In China, the year 2014 saw greater generation of electricity from renewable sources, such as hydropower, solar and wind, and less burning of coal.
On the other hand, in OECD economies, the year 2014 saw efforts towards promoting sustainable growth through greater energy efficiency and more production of renewable energy.
Decoupling of CO2 emissions and economic growth
This is the first time in 40 years that global CO2 emissions stalled or got reduced despite global economy witnessing an economic growth of 3 percent in 2014. That is, for the first time the CO2 emissions got decoupled with economic growth.
Since the setting up of 29-member IEA in 1973 at Vienna, there have only been three times when the global carbon emissions stalled or reduced compared to the previous year. These were early 1980s, 1992 and 2009 and all these years were associated with global economic weakness.

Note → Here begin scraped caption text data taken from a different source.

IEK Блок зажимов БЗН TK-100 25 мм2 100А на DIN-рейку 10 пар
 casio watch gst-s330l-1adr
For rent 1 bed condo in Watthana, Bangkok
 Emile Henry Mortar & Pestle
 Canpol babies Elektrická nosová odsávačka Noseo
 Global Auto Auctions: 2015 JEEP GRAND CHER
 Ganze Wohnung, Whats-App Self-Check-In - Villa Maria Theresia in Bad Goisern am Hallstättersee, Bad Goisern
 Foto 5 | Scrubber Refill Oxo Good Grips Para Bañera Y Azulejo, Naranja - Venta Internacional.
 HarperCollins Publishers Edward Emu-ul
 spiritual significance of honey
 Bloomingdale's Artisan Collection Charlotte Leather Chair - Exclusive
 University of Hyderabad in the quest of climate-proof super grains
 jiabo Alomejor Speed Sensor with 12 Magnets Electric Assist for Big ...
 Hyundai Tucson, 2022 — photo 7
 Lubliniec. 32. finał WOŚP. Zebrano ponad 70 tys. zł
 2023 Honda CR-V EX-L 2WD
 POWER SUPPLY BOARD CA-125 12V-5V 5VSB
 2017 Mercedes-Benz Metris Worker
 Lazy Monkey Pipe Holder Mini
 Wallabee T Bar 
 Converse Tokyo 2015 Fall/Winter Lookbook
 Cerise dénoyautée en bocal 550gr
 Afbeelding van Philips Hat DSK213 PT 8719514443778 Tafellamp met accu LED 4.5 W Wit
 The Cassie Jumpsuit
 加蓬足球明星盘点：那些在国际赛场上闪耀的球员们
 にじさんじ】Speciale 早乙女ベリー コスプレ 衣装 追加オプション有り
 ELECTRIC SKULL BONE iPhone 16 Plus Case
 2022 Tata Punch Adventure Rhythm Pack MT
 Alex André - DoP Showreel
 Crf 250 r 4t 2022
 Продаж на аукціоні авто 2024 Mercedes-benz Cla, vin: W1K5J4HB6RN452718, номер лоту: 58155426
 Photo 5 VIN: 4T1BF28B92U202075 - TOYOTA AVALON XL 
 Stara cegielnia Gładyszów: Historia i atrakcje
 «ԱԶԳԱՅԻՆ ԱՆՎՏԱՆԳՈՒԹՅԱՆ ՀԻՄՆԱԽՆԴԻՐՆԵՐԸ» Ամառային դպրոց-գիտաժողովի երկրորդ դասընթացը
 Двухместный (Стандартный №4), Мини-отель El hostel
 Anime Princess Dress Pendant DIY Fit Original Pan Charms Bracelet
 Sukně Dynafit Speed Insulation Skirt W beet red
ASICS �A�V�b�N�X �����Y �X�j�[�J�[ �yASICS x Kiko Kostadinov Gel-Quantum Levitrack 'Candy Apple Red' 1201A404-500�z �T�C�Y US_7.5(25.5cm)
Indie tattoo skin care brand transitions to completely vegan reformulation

Significance of this development
According to IEA Chief Economist Fatih Birol, this will help in bringing the nations together in combating the climate change and will provide the much needed momentum to negotiators preparing to forge a global climate deal in Paris in December 2015. (Fatih Birol was recently named to take over from Maria van der Hoeven as the next IEA Executive Director).
Countries of the developing and developed world have to announce by 31 March 2015 their commitment towards cutting the greenhouse gas emissions so as to limit the rise in global temperatures to two degrees Celsius (3.6 degrees Fahrenheit) over pre-Industrial Revolution levels.
The European Union has formally adopted a 40 percent cut in emissions by 2030, while the United States has announced plans to slash 26 to 28 per cent of its emissions in 2025 compared to their level in 2005 and make best efforts to reduce its emissions by 28 percent,
Among the developing world, China intends to achieve the peaking of CO2 emissions around 2030 and to make best efforts to peak early and intends to increase the share of non-fossil fuels in primary energy consumption to around 20 percent by 2030.
India, the world's third largest emitter of the greenhouse gases, made a pledge at UN climate talks in Copenhagen in 2009, to cut the intensity of its carbon emissions—reducing the amount of carbon emitted for the same amount of economic output 20 to 25 percent over 2005 levels by 2020.